Do we value our values?
Within our travel business, new Travel Consultants often get confused between ‘value’ and selling ‘cheap’.
I genuinely believe that if you believe in yourself and your product then ‘selling cheap’ should never be needed. I also believe that in order to demonstrate value to a prospect you must first work out what your own personal values are.
So here’s a thought for you.
What is the difference between ‘value’ and ‘values’ when you are selling?
Personally I would say they are often one and the same. What do I mean?
Well if you don’t have strong values, do you think your potential customers will value you and what you can do for them? Or put another way, if you don’t believe you offer much ‘value’ to your potential customers and you’re nothing more than a glorified comparison engine (or order taker), what will your prospects think of you and will they just purchase based on price? If they purchase based on price will they simply shop around until they find it cheaper?
Where as, if you believe your values are such that you would go out of your way to help a prospect, even if it didn’t make you money….would your customers think WOW…this person is better than good.
- Have you thought about what your values are?
- Could you write a list of your top 5 values?
- Would you be comfortable telling a prospect what they are?
Demonstrating Value to the client
They’ve work hard so does the value of the holiday outweigh the value of the hours of work put in to pay of the holiday. If you simply focus on price the answer will be NO. What else does the customer value about the holiday and the experience you can offer?
Does the Prospect Value YOU
What do you bring to the table? Could they have done that themselves? At the end of the sales process does the customer feel great about your involvement, or do they feel cheated?

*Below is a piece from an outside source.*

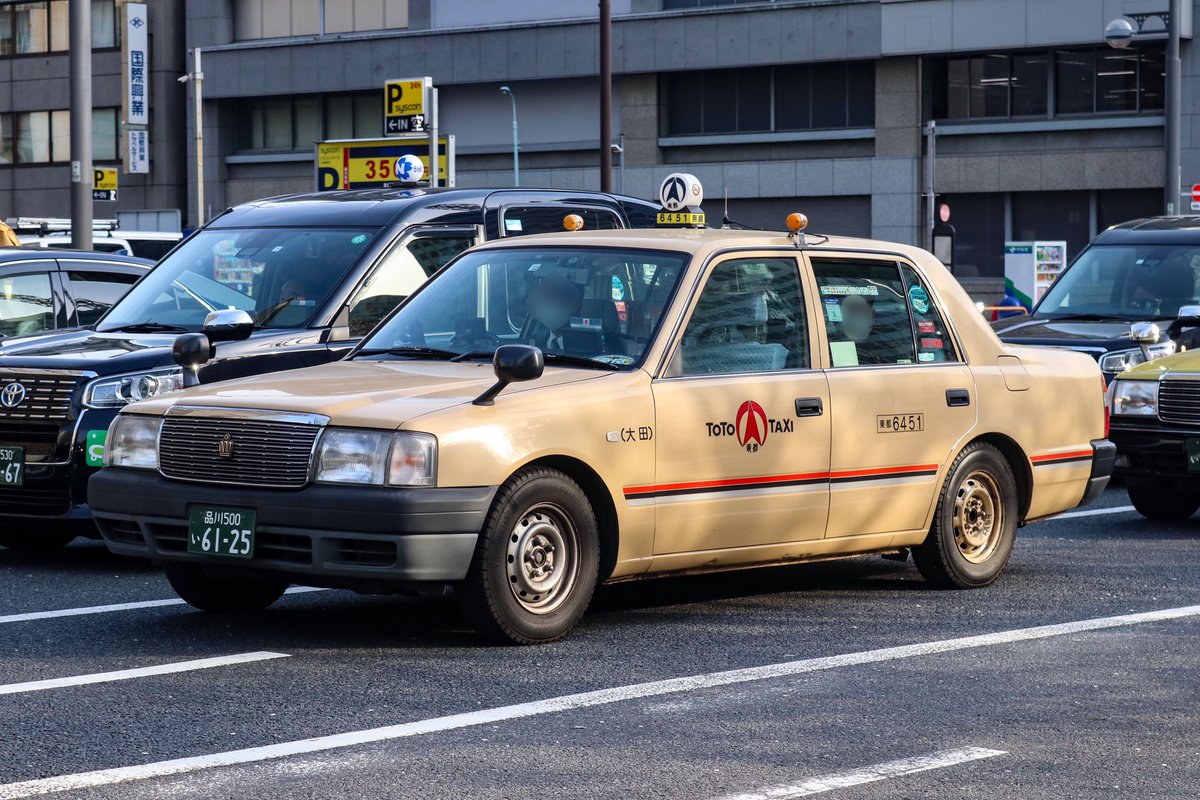 ミムヒュー 東都自動車 6451 トヨタ クラウンコンフォート まとまった台数が残る東都のyxs10 同社の物 持ちのよさには脱帽です 末期の車と異なりルーフウィンカー 無線番号入りの行灯を装備しています 冬タイヤでしょうか この個体はリアホイールが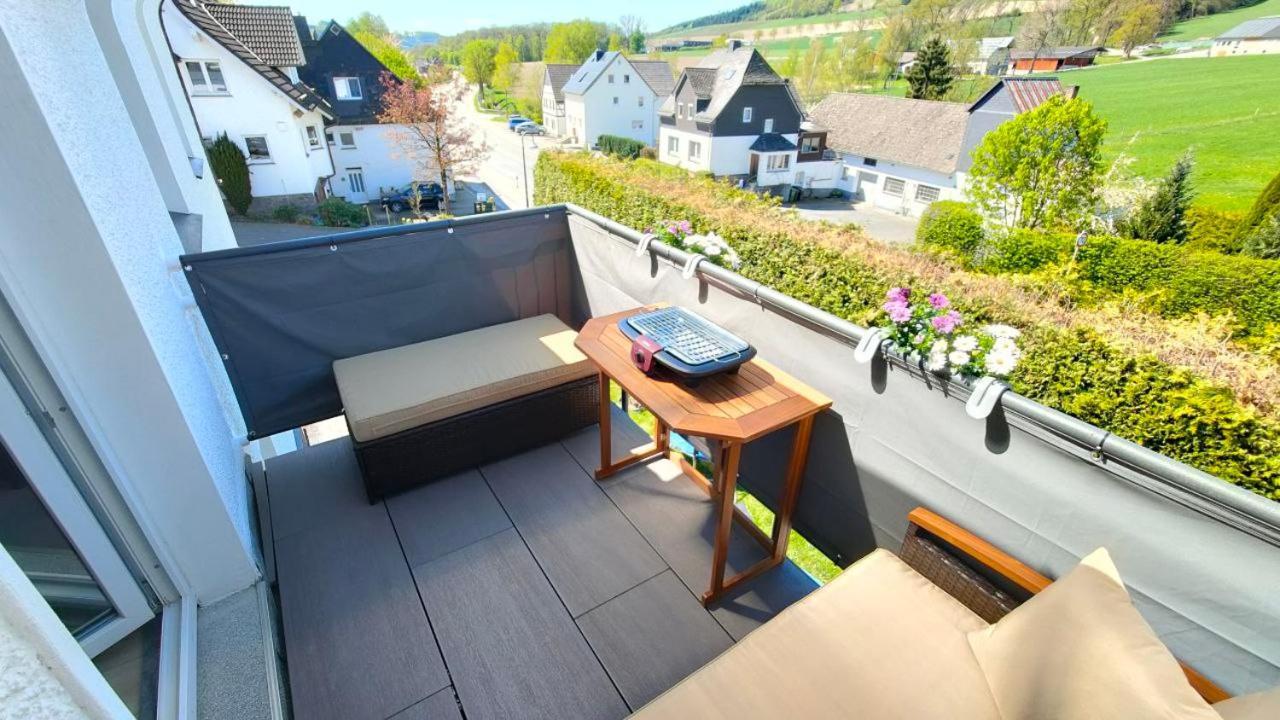 Modernes 3-Zimmer Loft Mit Balkon Hennesee 5 Min Eslohe Exteriör bild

Example: You go to a fancy restaurant. You order some fancy food with a fancy name and a fancy price tag. The weighted serves up noting more than Walkers Crisps, a bit of chicken and some grated carrot. What do you think?
Does the Prospect know YOUR Values and what you stand for?

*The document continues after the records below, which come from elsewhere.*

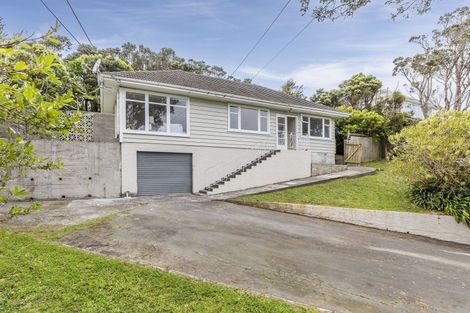 Photo of property in 7 Miles Crescent, Newlands, Wellington, 6037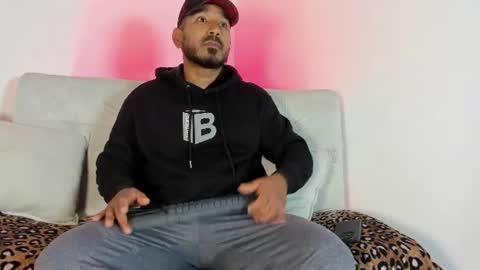 Snapshot of leocarter_ chatting on July 19, 10:08 am leo online show from July 19, 10:08 am
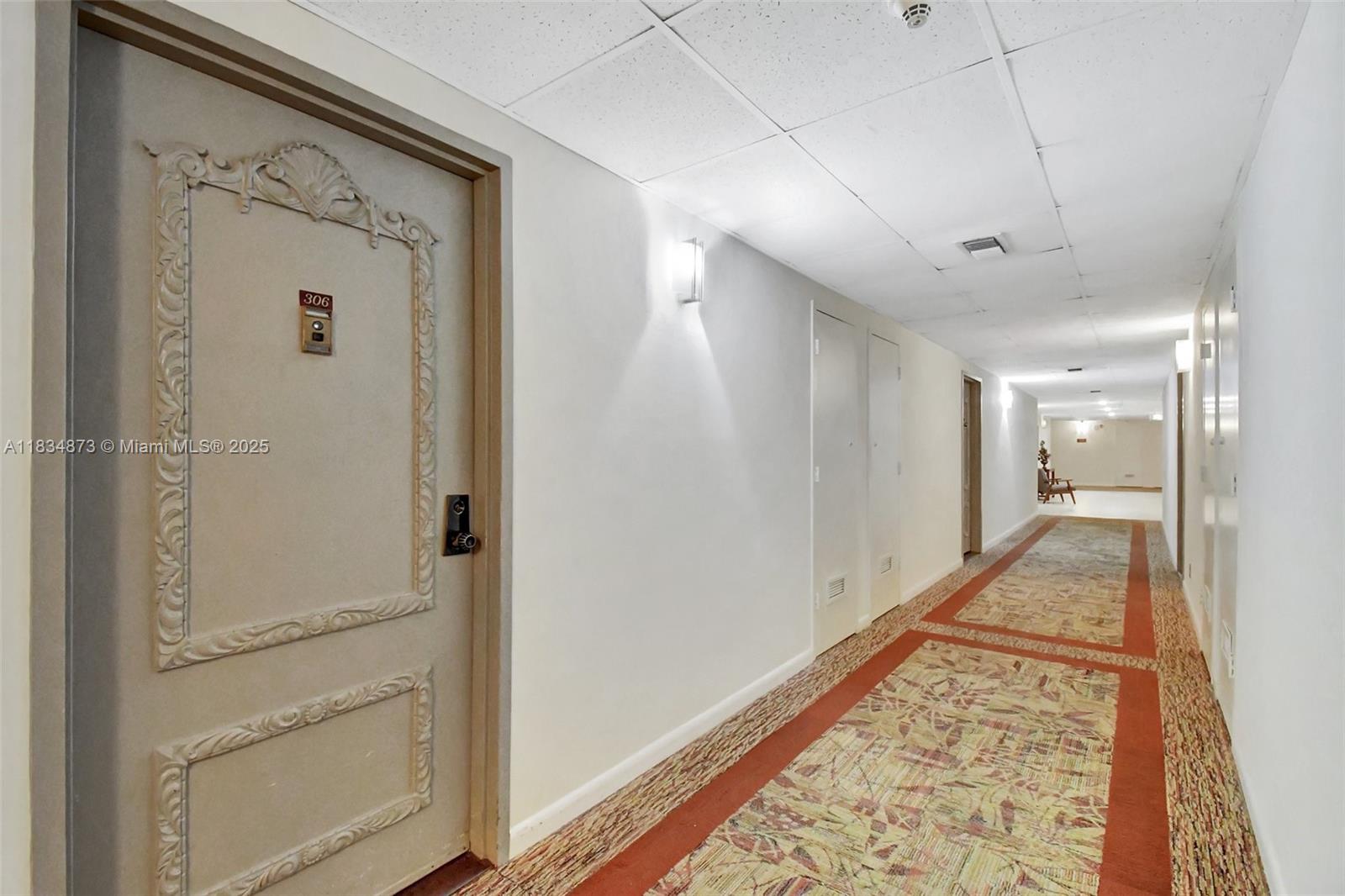 See details 306 1 / 2 844 sq. ft. $ 2025-07-21 0 Photo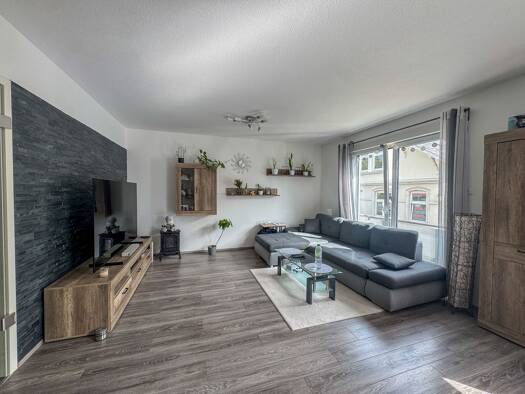 Wohnung zur Miete 1.023 € 3 Zimmer 93 m² 2 Geschosse frei ab sofort Gartenstadt Neumünster 24537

Start by thinking…do you know your values? Can your values be bought i.e. would you sacrifice your values for a fee? How does the prospect know your values?
Don’t assume they know what your values are without telling them. There is no harm in educating, but once you do, make sure what you say, do and demonstrate then supports your values.

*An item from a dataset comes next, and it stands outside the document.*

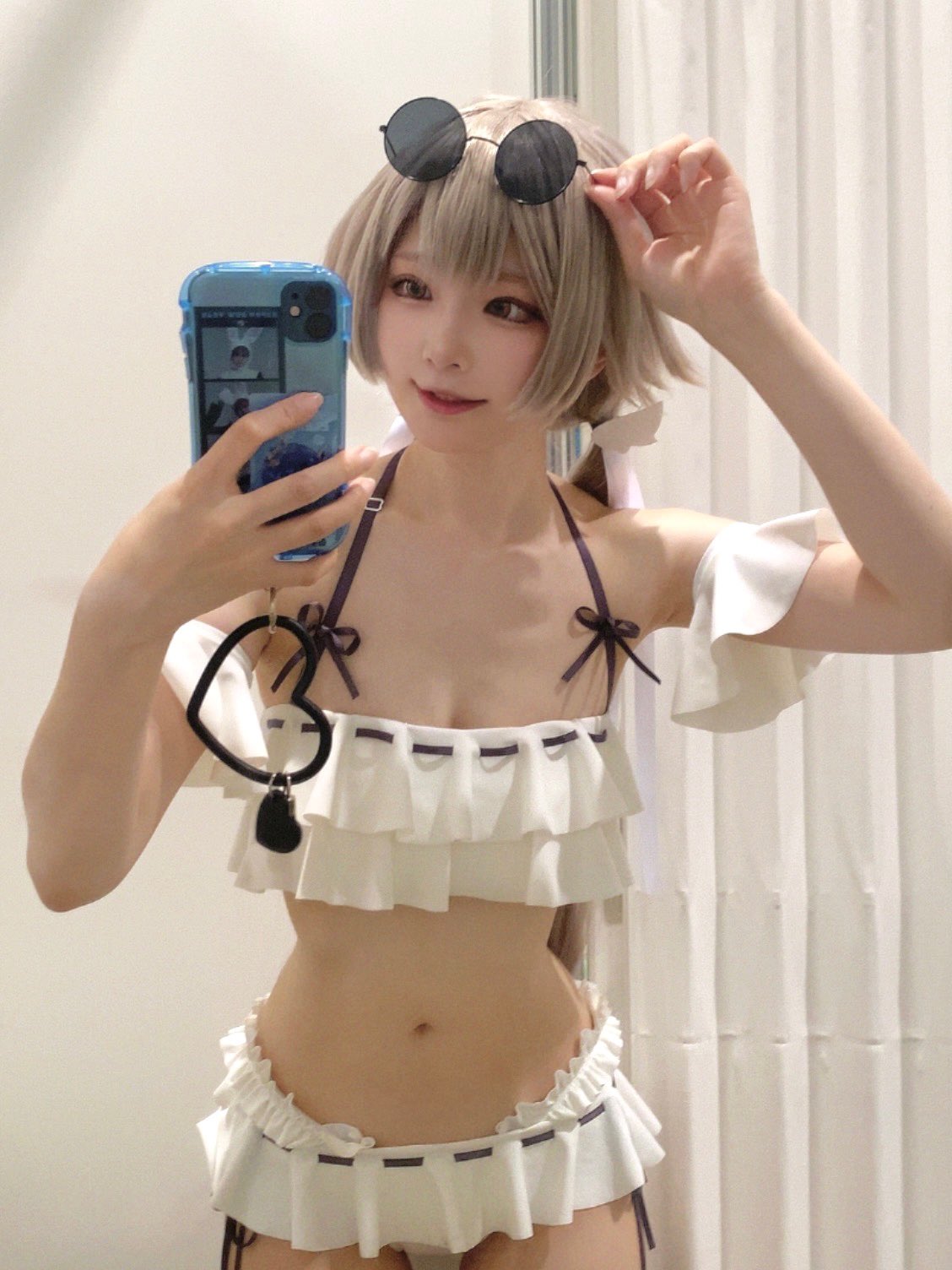 心都ちゃん、退院して以来のお外でした💕🏥 気持ちいいお天気で最高🌈 無事に1ヶ月検診も終わり、 すくすく体重も増えておりました👶  少しずつお外にもお出かけしようね❤️ ママも、お仕事復帰までもう少しまったりします😌 そして 前髪が伸びたからどうしていいか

If one of your values is ‘you are always there for your customers’, are you? Do they have your mobile? Can they ring you evenings and weekends?
My Summary of Value(s) based selling
Prospects only turn into customers when they buy from you. They will only buy from you if they know you, like you and trust you. To achieve these 3 things the prospect has to believe the value of what you are offering is worth more to them than the money that is burning a whole in their pocket.
The only way a prospect will believe in your value is if you 100% believe in yourself, your product and your business. Anything less than this and you are destined to fail.
Most importantly you HAVE to believe in yourself and what you stand for. First get clear on what that is.
My top tip….
Work out what are your top 5 values. Write them down and put them somewhere you can see them every day.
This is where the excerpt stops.